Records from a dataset

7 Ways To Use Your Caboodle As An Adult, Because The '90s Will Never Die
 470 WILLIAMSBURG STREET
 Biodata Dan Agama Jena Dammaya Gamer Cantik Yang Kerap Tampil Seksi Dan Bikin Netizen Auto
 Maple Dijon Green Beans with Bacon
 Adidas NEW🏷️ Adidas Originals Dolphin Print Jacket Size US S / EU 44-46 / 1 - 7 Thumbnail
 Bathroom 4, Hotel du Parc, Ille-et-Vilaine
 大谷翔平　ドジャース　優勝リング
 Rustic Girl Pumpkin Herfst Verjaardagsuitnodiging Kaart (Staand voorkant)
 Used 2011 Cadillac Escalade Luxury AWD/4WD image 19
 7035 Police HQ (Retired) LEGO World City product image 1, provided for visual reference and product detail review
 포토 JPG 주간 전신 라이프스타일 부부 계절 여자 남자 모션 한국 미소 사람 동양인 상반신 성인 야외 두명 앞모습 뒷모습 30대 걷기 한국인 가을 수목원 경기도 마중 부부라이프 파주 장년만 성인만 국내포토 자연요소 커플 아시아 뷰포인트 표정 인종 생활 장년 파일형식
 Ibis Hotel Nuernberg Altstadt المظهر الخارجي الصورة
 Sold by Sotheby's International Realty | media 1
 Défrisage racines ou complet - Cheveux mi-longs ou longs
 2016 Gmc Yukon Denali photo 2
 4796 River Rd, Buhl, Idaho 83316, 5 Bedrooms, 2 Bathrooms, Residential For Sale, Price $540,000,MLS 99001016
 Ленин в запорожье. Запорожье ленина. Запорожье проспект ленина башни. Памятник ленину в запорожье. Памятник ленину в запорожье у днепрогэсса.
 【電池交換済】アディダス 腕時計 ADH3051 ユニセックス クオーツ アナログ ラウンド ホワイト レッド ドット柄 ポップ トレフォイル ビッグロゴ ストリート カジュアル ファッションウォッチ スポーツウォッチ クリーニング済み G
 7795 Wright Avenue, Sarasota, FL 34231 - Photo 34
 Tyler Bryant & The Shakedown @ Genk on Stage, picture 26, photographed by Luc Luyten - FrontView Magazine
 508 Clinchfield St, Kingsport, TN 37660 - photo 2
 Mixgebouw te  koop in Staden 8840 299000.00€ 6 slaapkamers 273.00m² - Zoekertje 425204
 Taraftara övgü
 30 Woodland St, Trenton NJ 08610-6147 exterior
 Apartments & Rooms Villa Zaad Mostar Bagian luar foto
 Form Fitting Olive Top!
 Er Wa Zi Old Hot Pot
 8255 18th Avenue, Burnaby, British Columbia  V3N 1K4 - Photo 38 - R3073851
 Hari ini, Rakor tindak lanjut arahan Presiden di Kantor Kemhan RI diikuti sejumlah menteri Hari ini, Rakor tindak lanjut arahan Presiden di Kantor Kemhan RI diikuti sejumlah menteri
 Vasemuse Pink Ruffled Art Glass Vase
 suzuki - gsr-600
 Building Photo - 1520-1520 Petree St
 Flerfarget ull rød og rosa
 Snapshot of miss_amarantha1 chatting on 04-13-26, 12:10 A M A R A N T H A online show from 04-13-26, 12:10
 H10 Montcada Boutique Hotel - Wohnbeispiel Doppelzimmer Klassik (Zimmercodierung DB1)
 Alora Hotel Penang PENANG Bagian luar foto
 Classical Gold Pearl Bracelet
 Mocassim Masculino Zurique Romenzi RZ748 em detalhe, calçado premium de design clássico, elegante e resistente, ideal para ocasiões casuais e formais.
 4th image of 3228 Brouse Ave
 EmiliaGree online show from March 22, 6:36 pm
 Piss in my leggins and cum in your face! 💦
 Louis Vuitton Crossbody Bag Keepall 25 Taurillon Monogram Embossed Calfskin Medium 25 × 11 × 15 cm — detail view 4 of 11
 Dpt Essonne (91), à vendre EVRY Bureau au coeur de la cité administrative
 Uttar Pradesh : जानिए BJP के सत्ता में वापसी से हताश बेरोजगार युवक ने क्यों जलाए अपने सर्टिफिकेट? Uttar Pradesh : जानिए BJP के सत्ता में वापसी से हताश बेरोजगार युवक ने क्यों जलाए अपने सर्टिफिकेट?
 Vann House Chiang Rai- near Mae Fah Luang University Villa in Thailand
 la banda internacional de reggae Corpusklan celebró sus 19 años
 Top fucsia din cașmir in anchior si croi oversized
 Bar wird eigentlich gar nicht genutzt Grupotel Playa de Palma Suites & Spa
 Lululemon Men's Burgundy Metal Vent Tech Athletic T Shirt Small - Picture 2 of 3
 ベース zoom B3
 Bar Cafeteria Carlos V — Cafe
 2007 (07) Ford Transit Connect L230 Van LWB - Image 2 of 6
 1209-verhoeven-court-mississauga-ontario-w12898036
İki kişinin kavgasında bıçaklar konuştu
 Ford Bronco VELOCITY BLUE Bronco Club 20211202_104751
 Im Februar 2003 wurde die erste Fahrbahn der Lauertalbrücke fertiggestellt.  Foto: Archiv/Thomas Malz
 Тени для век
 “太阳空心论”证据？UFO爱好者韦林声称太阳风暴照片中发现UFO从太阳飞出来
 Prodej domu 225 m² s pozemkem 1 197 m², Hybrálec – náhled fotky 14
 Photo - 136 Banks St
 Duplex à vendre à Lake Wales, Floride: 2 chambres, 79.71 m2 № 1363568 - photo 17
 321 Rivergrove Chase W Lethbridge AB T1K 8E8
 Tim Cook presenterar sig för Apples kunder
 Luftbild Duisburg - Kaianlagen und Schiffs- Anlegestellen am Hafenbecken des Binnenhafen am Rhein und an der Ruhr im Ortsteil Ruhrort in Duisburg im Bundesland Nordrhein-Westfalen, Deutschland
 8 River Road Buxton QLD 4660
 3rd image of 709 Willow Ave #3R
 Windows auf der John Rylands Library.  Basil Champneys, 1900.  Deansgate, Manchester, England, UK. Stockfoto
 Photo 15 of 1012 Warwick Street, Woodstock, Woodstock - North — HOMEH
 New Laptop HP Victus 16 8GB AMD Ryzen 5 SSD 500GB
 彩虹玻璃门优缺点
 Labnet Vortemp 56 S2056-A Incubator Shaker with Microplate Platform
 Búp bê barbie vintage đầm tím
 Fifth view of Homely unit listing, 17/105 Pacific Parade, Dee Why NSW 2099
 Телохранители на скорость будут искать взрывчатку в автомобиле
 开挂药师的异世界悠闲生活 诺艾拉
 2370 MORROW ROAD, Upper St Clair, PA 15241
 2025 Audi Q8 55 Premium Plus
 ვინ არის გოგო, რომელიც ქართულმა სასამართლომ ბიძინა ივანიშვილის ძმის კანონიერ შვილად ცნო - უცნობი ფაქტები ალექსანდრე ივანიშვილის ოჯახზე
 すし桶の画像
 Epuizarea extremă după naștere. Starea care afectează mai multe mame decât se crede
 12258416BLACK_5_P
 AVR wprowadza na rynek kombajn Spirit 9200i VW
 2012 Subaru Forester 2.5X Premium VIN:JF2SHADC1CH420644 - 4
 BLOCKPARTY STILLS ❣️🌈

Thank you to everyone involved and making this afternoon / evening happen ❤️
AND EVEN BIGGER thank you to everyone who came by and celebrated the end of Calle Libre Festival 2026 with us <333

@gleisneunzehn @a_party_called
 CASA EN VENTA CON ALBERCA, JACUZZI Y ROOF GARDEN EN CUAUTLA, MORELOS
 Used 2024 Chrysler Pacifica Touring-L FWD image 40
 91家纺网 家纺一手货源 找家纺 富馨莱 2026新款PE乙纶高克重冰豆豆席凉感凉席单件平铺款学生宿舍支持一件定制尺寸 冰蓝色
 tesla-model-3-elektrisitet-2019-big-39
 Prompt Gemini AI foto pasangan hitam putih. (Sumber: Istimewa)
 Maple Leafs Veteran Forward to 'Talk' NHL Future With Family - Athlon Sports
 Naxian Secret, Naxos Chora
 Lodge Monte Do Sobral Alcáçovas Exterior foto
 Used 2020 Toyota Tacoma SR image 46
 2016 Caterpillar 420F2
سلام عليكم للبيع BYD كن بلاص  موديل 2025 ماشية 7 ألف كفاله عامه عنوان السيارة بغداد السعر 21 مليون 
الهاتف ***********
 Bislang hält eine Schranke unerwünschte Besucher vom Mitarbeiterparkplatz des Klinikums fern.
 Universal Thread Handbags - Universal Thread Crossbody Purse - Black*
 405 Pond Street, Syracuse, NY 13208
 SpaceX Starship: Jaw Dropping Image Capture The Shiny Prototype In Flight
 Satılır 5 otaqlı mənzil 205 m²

> **The problem**
State only how many lines above contain "luar".

> **Output below**
2